It has become increasingly evident that astrocytes actively participate in neurophysiology, as well as contribute to the development and progression of a number of neurological disorders. Astrocytes are the most numerous cells in brain and spinal cord (~50% of all CNS cells) and associate with all cellular elements;a single astrocyte can envelop as many as 100,000 synapses. Astrocytes play a critical role in regulating neuronal excitability through their ability to buffer extracellular K+ and take up synaptically released glutamate. Interference with either of these properties leads to neuronal hyperexcitability. Astrocytes also exhibit Gs-, Gi-, and Gq-linked G-protein coupled receptors (GPCRs) regulating a host of second messenger cascades. Increases in astrocytic Ca2+ lead to the release gliotransmitters including glutamate, ATP, PGE2, and D-serine.

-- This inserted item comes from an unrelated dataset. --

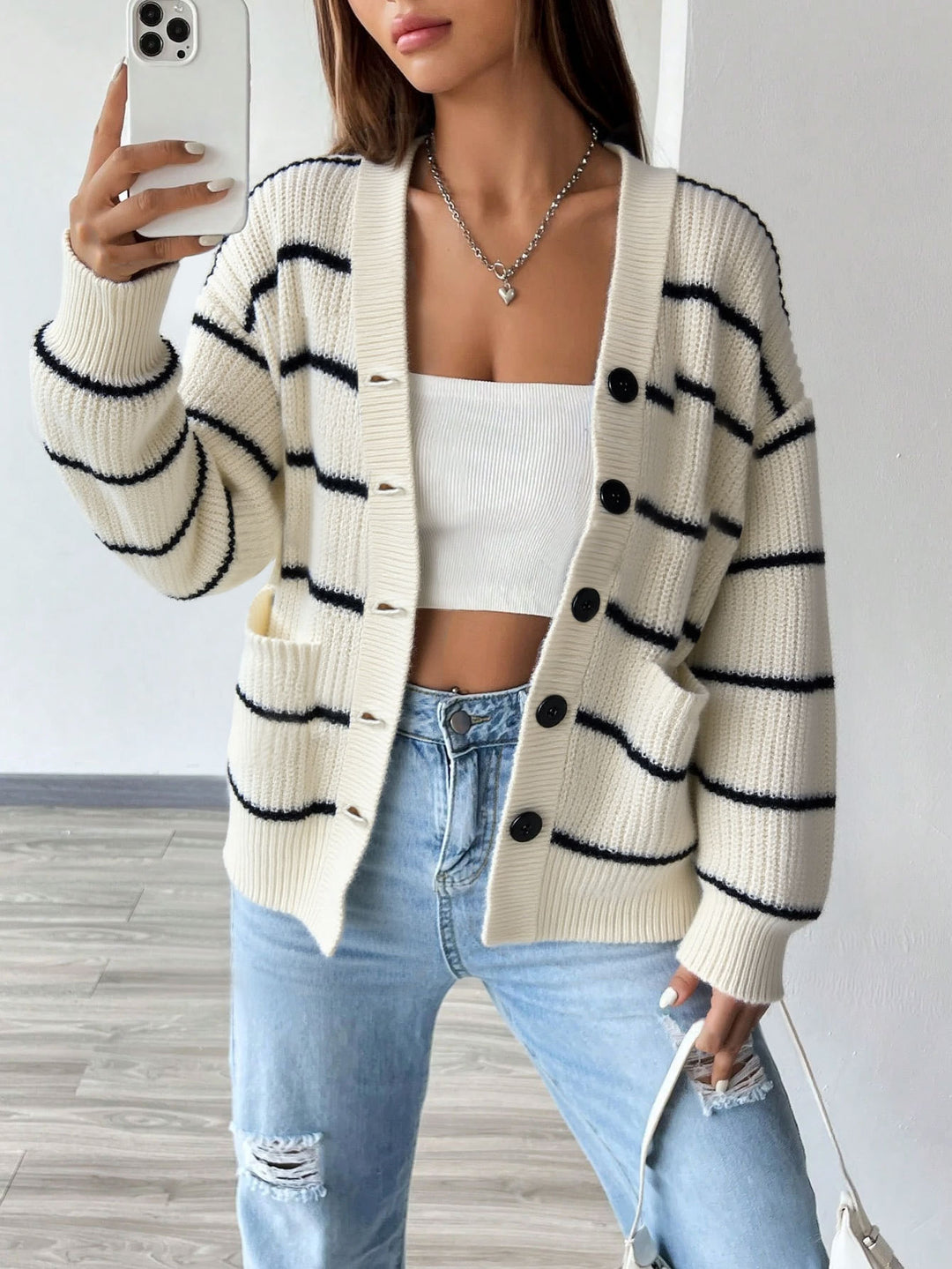 Cardigan tricoté à manches courtes rayé pour femmes avec fermeture à boutons et poches latérales Chic & Stil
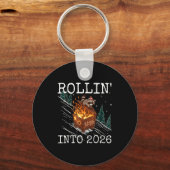 Funny Raccoon Rolling Into 2026 Retro New Year 202 Schlüsselanhänger (Vorderseite)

Each of these gliotransmitters plays an important role in regulating neuronal excitability in the spinal cord and the first three are thought to be involved in the sensitization of nociceptive neurons in chronic pain. Astrocytes exhibit calcium oscillations and intercellular calcium waves that enable them to synchronize neuronal activity through the release of gliotransmitters. Further, reactive astrocytes release a number of factors thought to sensitize nociceptive neurons including NGF, NO, proinflammatory cytokines, and prostaglandins. While research in the field of chronic pain has focused primarily on mechanisms intrinsic to nociceptive neurons, more recent studies suggest that chronic pain derives, in part, from the activation of microglia and astrocytes. Given the prominent role of astrocytes in the regulation of neuronal excitability, it is not surprising that there is an excellent correlation between the development of chronic pain and the appearance of reactive astrocytes. Pharmacological as well as genetic studies indicate that blocking astrocytic activation blocks the maintenance of certain forms of chronic pain. Experiments within this proposal will take advantage of an experimental tool kit composed of electrophysiological and confocal imaging techniques, together with genetically modified lines of mice to study the role of astrocytes in chronic pain.

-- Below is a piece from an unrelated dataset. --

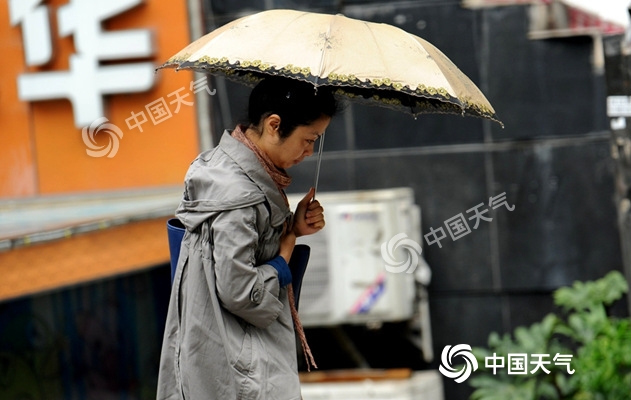 臺風(fēng)雨&ldquo;侵?jǐn)_&rdquo;華東沿海 北方緩升溫多地將回歸30℃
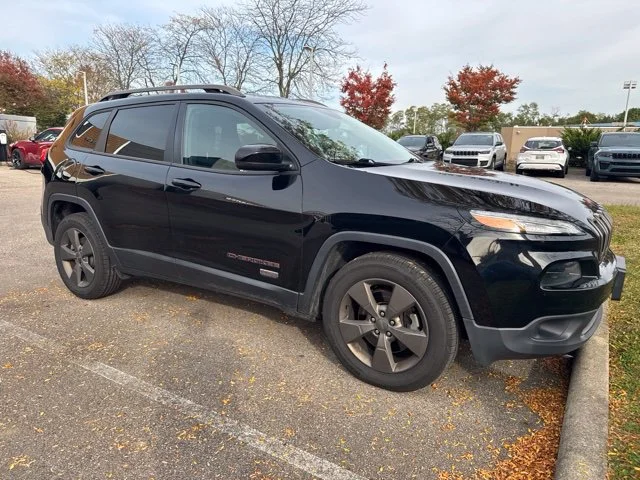 Used 2017 Diamond Black Crystal Pearlcoat Jeep Latitude image 5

In Specific Aims 1 and 2, we will determine if astrocytic properties known to modulate neuronal excitability are altered in the setting of chronic pain. These studies will include analyses of potassium buffering and glutamate uptake as well as the ability of astrocytes to modulate neuronal excitability through the release of gliotransmitters. It is becoming increasing clear that inflammatory processes are involved in a number of neurological diseases, including chronic pain.
In Specific Aim 3 we will test the hypothesis that the activation of astrocytic NF:B, a proinflammatory transcription factor, is important in the development or maintenance of chronic pain.